Designing Data-Intense Applications - Chapter 1

March 10, 2020 | #book review

Let's dig into Matin Kleppmann's "Designing Data-Intensive Applications" and talk about the facets of reliable, scalable, and maintainable applications!

What do we expect from our applications?

The first chapter of Designing Data-Intensive Applications (now referred to as DDIT) focuses on setting the stage for the rest of the book by presenting the author's definitions of the following terms:

  • Reliability - things continue to work correctly even when things go wrong
  • Scalability - as the system grows (traffic, data volume, complexity), there should be reasonable ways to deal with that growth
  • Maintainability - all about keeping things up and running (while not pulling out your hair)

Reliability

At a high level, the author comments on how there are some common ideas of what it takes to call a system "reliable".

  • The application performs the function that the user expected.
  • The application can tolerate the user making mistakes or placing things in an unexpected state.
  • The performance is good enough -- based on the expected load and data volume.
  • The system prevents unauthorized access and abuse.

I found the author's comments on this topic to be extremely relevant to my career experiences. Software is challenging; the reality is that often, software is created at an extremely rapid pace and something as obvious as reliability gets overlooked. In my personal career, I have seen proof of concepts (which we never expected to see a production environment) morph into something real.

Alright, so that is all fine and dandy - but what about when things go wrong? When things go wrong, we call these actions faults. Common types of faults are hardware faults, software errors, and human errors. It's important to clarify that there is a difference between a fault and a failure.

A fault is when the system encounters unexpected behavior and is able to keep on trucking whereas a failure stops the system completely. In general, the most common approach is to tolerate the fault instead of preventing them completely. This brings up an interesting point regarding how in code, with higher-level languages such as C#, we have this concept of exceptions, try/catch and how that differs from a language such as C.

Hardware Faults

This section discussed how there are multiple ways hardware can fail and how cloud providers have helped emerge a different approach which prioritizes flexibility and elasticity over single-machine reliability.

Software Errors

Something all developers can empathize with. Bugs are inevitable and as much as we strive to prevent them, they creep into our system. Sometimes the engineers working on the code introduce them, other times it's an outside source that we seemingly have little control over.

Some examples include:

  • The classic off by 1 error
  • Memory leaks
  • Bugs that crash the entire system based on unexpected input
  • Cascading failures, where Service 1's failure causes Service 2 to fail, which causes Service 3 to fail...
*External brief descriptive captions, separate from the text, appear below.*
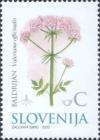 Colnect-699-046-Valerian-Valeriana-officinalis---Medicinal-Herbs.jpg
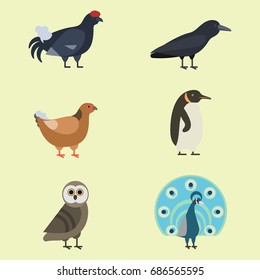 Bird species collection different vector illustration wild animal characters avifauna tropical feather pets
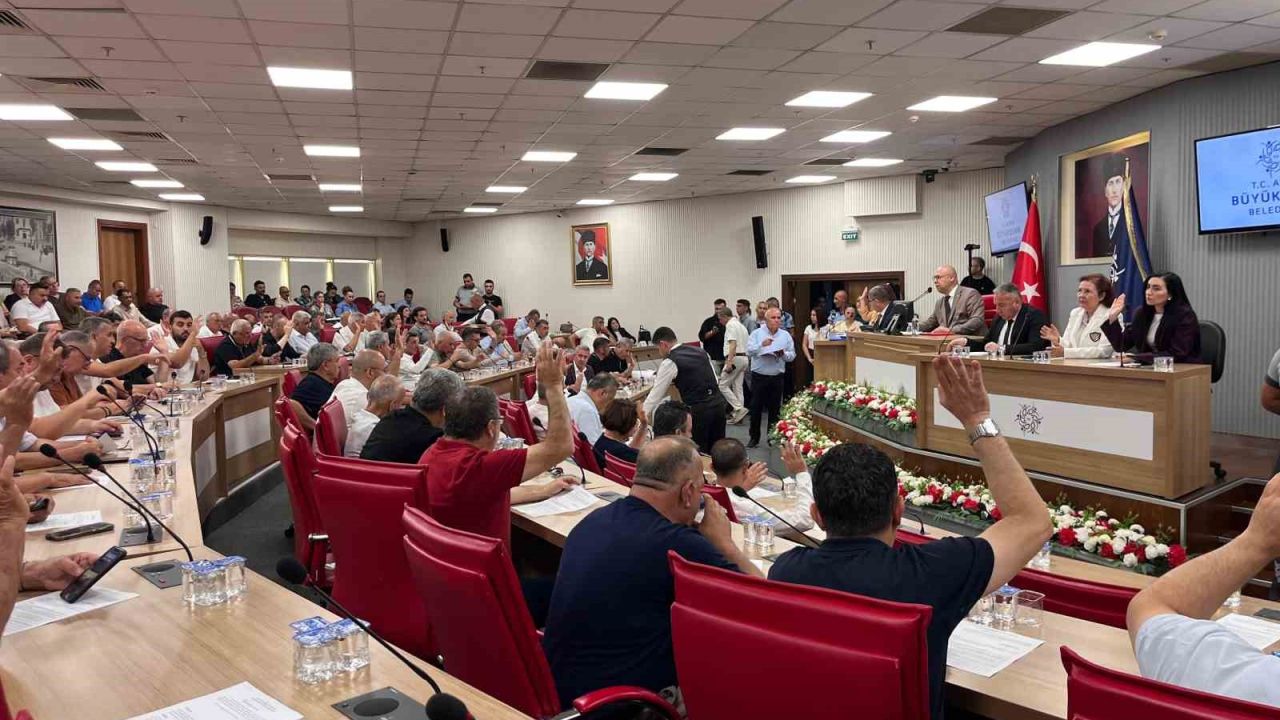 Büyükşehir Meclisi’ne ‘ilaçlama’ konusu damga vurdu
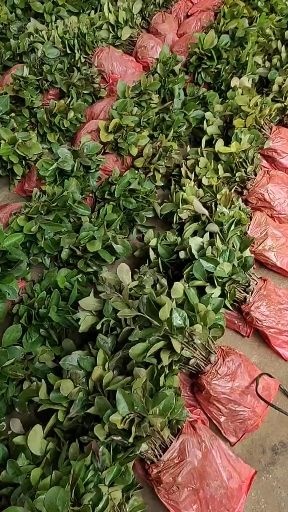 阳朔县奶白茶树苗  茶树芽苗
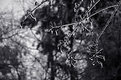 Picture Title - Winter In GA -01-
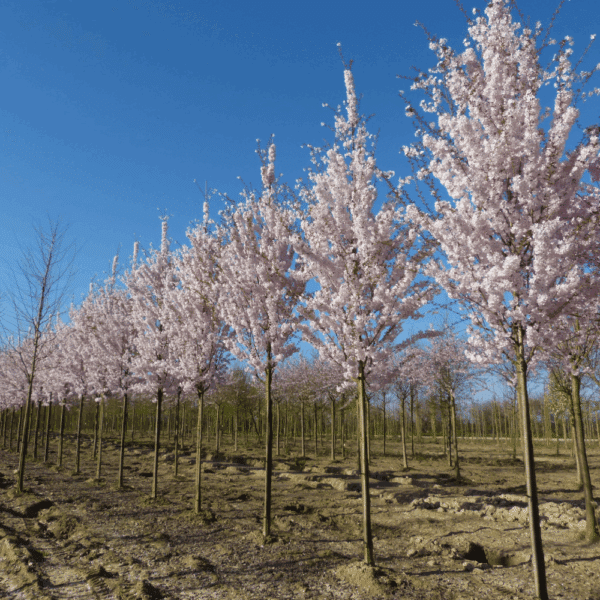PRUNUS 'Pandora' – Image 6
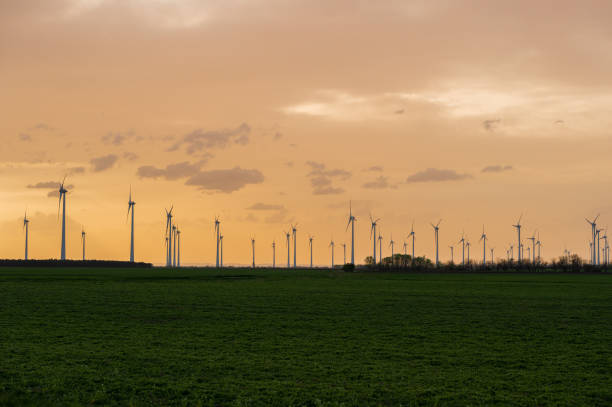 istock Wind turbines in an agricultural field at sunset 2143751497
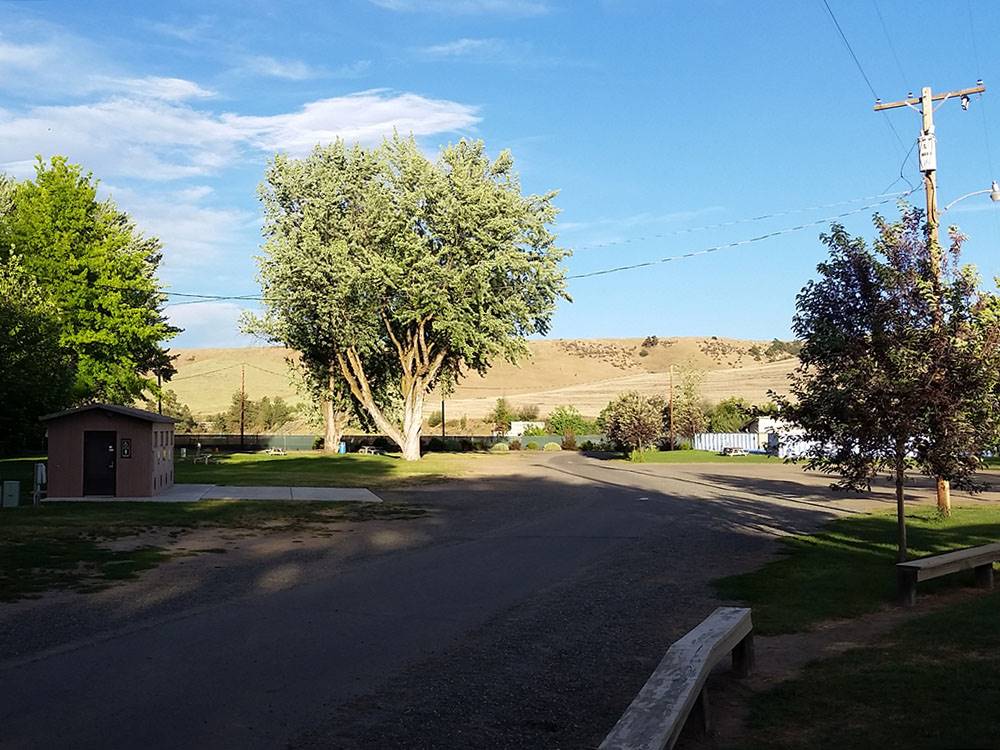 Road going thru the sites and trees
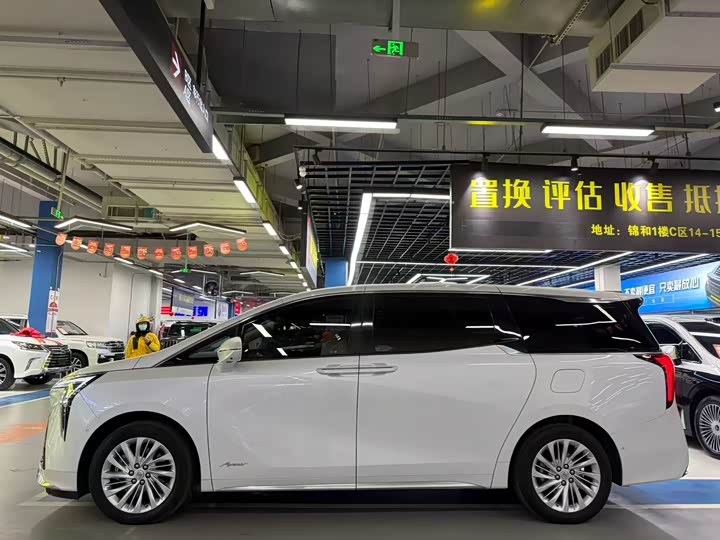 Фото 7 - Buick GL8 Century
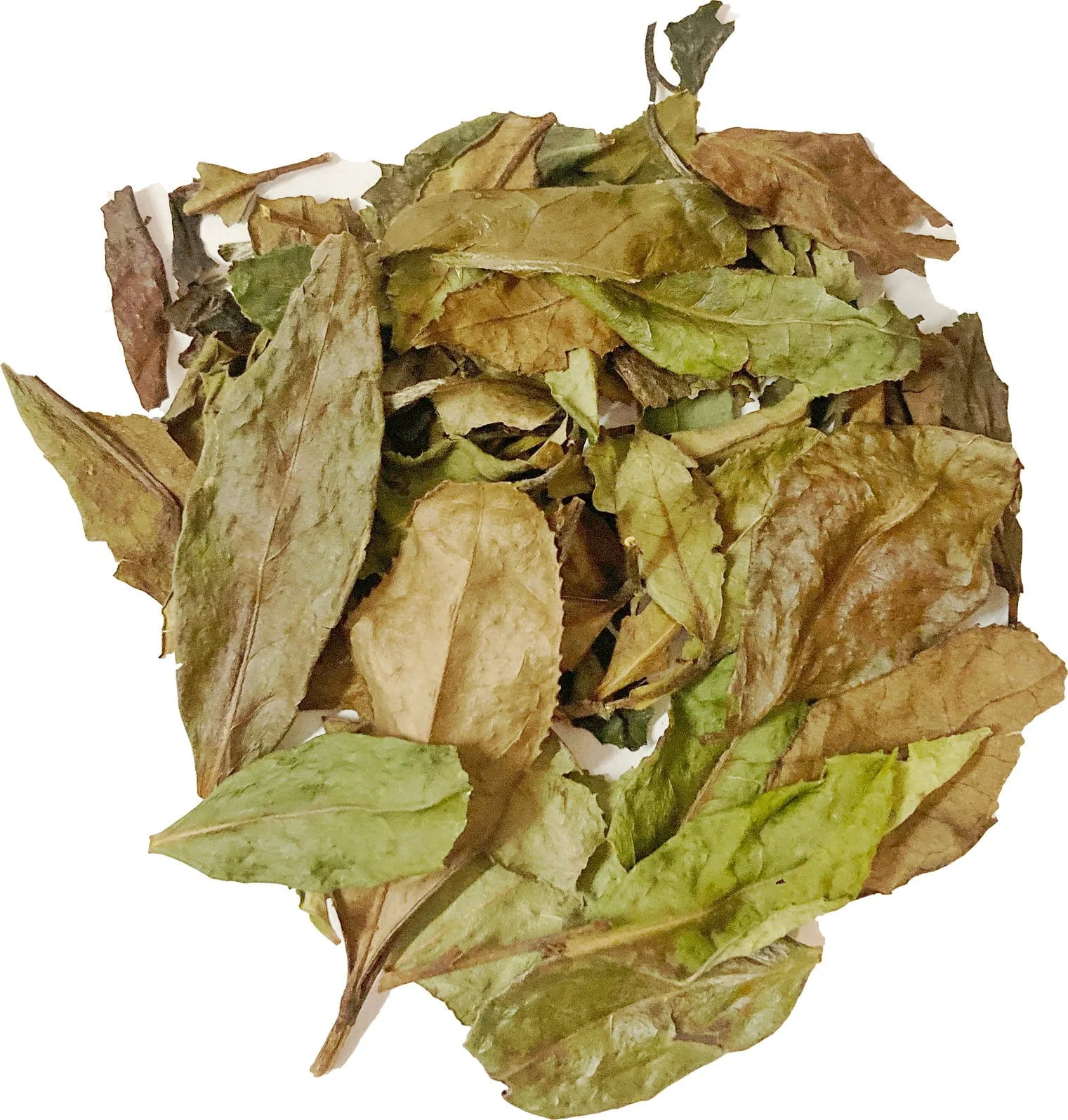 Long Man Tea Pai Mu Tan - Бай Му Дань Рассыпной Белый чай 20г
We can combat these issues by testing individual systems, writing meaningful integration tests, using monitoring platforms, and adding fault tolerance and recovery strategies in code.

Human Errors

The author points out that humans are known to be unreliable. I tell my team that we should strive to automate anything that currently requires manual human intervention. The reality is that operators (humans) are responsible for a significant amount more errors than hardware failures.